O bem de família convencional pressupõe a instituição voluntária prevista entre os artigos 1.711 e 1.722 do Código Civil, a qual demanda o enfrentamento à burocracia e despendimento de quantias consideráveis com os custos cartorários, tornando-se inviável para a maior parte das famílias brasileiras, sobretudo àquelas mais vulneráveis economicamente.

Por outro lado, a Lei 8.009/90, editada com uma finalidade protecionista e garantidora do mínimo existencial, dispôs de maneira ampla a impenhorabilidade do bem de família. Lê-se em seu artigo 1º:

“O imóvel residencial próprio do casal, ou da entidade familiar, é impenhorável e não responderá por qualquer tipo de dívida civil, comercial, fiscal, previdenciária ou de outra natureza, contraída pelos cônjuges ou pelos pais ou filhos que sejam seus proprietários e nele residam, salvo nas hipóteses previstas nesta lei.”

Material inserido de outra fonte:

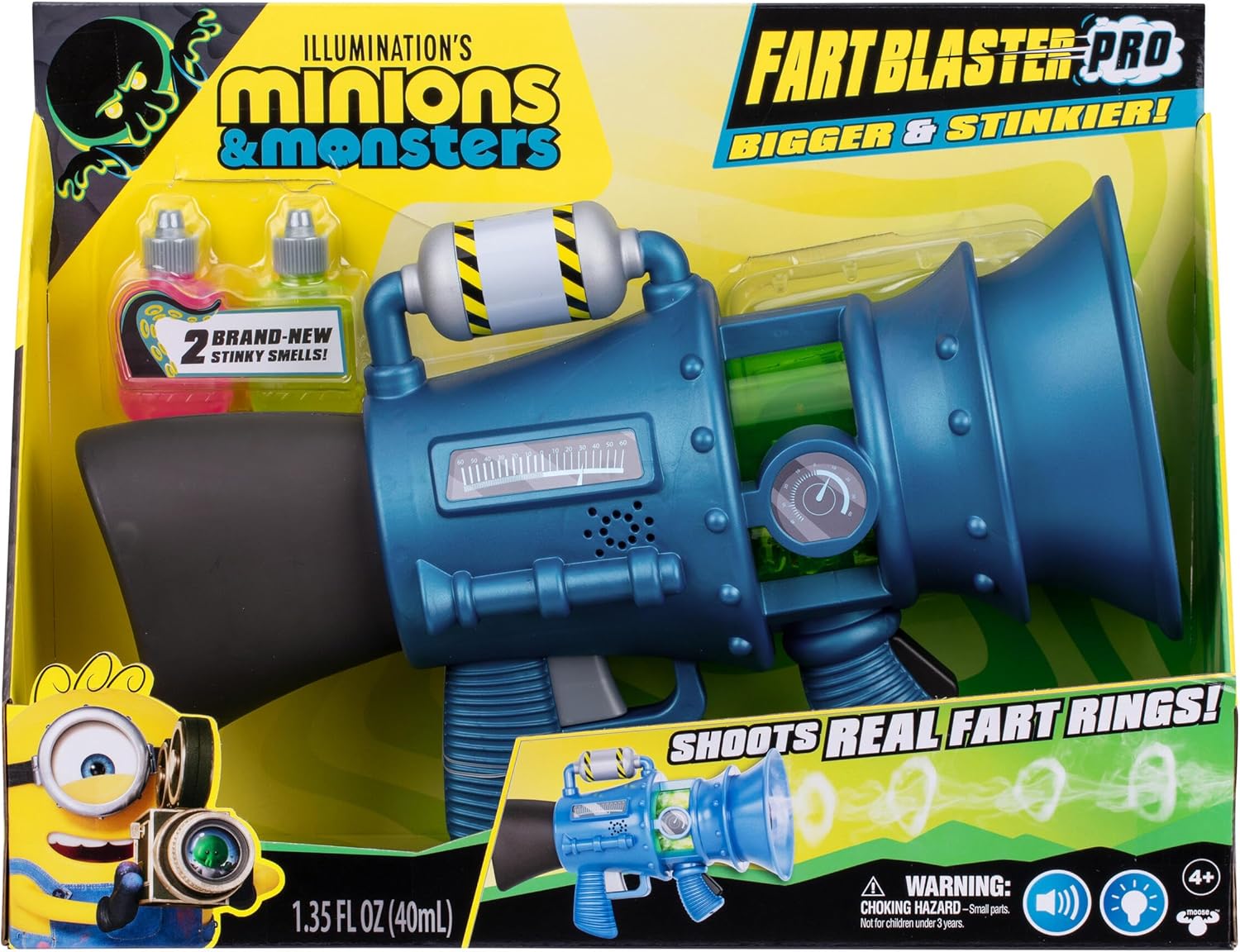 Minions & Monsters Fart Blaster Pro - Pierupyssy 35 cm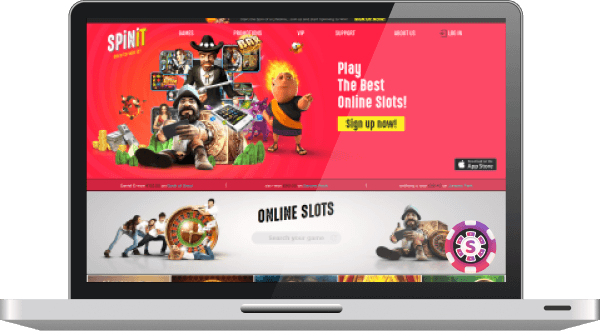 Spinit Casino Spill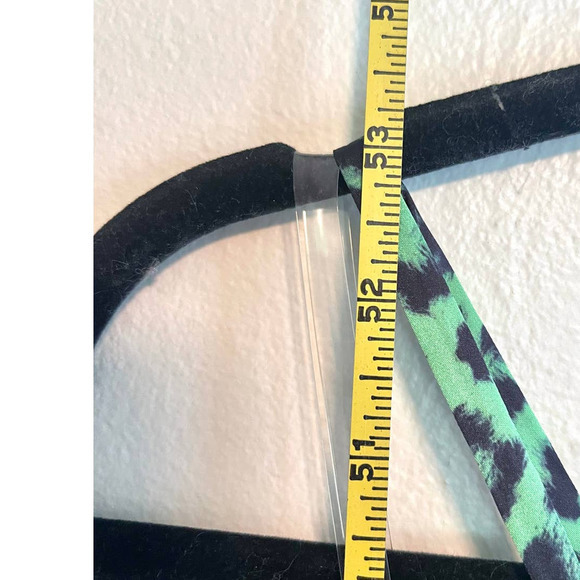 New Fame & Partners The Jami Dress | Leopard Mojito Size 4 - Picture 12 of 12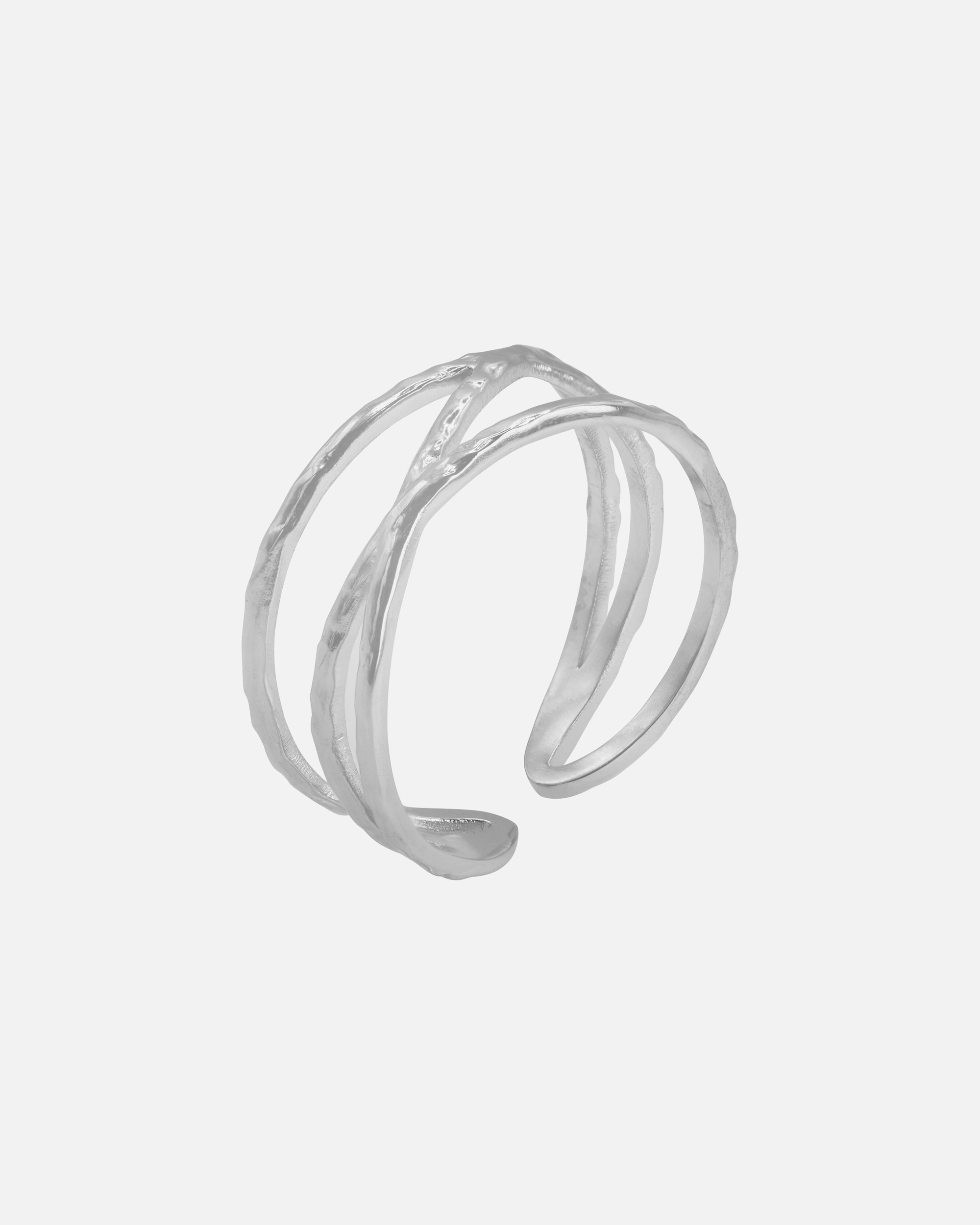 Ring für Weiblich Heideman Damenring Pompy Silberfarben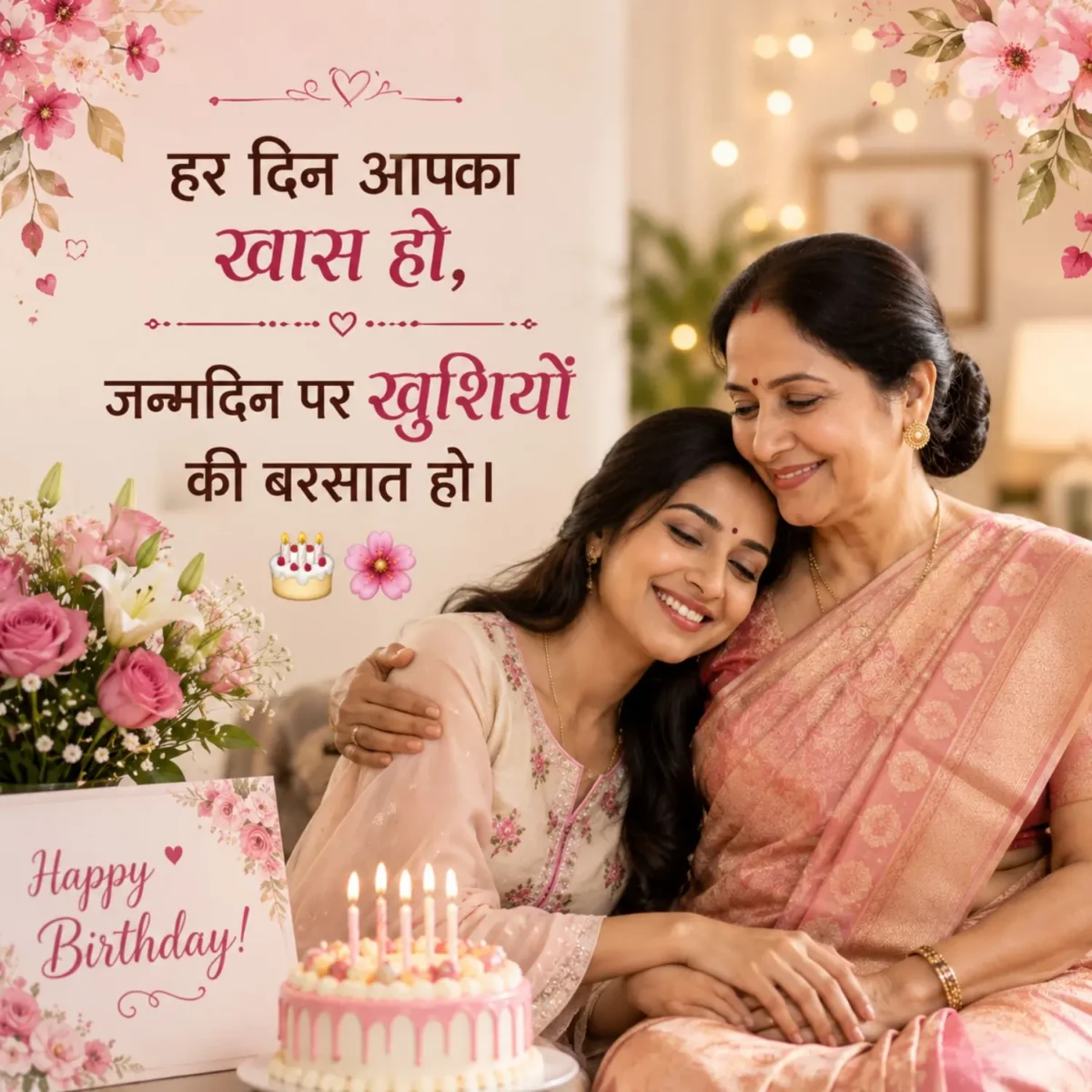 सासू माँ के जन्मदिन पर शायरी
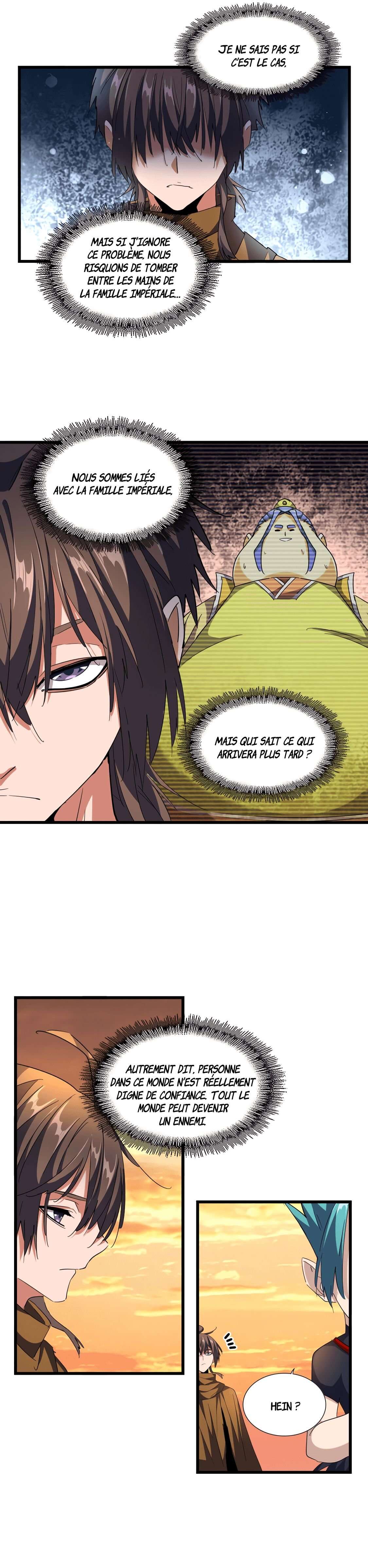 Read Magic emperor Scan Manga Online
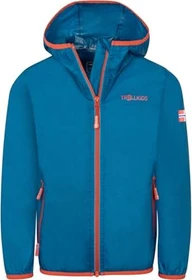 Trollkids Trolltunga Funktionsjacke dark petrol (Junior)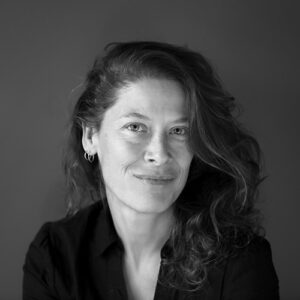 Portrait de l'artiste Éliane Excoffier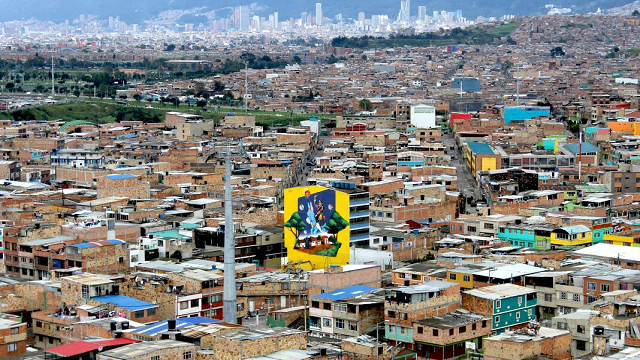 La nueva Bogotá cierra el año con 64.000 fachadas intervenidas - Foto: Secretaría de Hábitat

Pergunta-se, no entanto, se, a despeito da delimitação prevista no texto legal, pode a pessoa solteira gozar da proteção prevista para o núcleo familiar nos termos da Lei, visando a impenhorabilidade de imóvel próprio em que tenha estabelecido sua residência.
Tal questionamento encontra resposta na Súmula 364 do STJ, segundo a qual “O conceito de impenhorabilidade de bem de família abrange também o imóvel pertencente a pessoas solteiras, separadas e viúvas.”

A evolução da jurisprudência relacionada ao instituto permitiu o avanço das discussões acerca de sua própria razão de ser, de modo que o Superior Tribunal de Justiça definiu que a extensão da proteção conferida aos indivíduos solteiros sob a ótica do bem de família deriva da aplicação direta do direito constitucional à moradia, inserido no rol do art. 6º pela Emenda Constitucional n.º 26/2000, que, por sua vez, deriva da cláusula geral da tutela da dignidade humana.

Nas palavras do Ministro Humberto Gomes de Barros:

“A interpretação teleológica do art. 1º, da Lei n. 8.009/1990, revela que a norma não se limita ao resguardo da família. Seu escopo definitivo é a proteção de um direito fundamental da pessoa humana: o direito à moradia. Se assim ocorre, não faz sentido proteger quem vive em grupo e abandonar o indivíduo que sofre o mais doloroso dos sentimentos: a solidão”
(Embargos de Divergência no REsp n.º 182.233/SP)

Conclui-se que a análise criteriosa do caso concreto e das condições do devedor são importantes para que não haja desvio da finalidade do instituto de modo a prejudicar o credor de boa-fé, porém, num país em que a desigualdade social é acentuada, é importante ter atenção às garantias constitucionais que o fundamentam, visando a garantia da proteção à população mais vulnerável.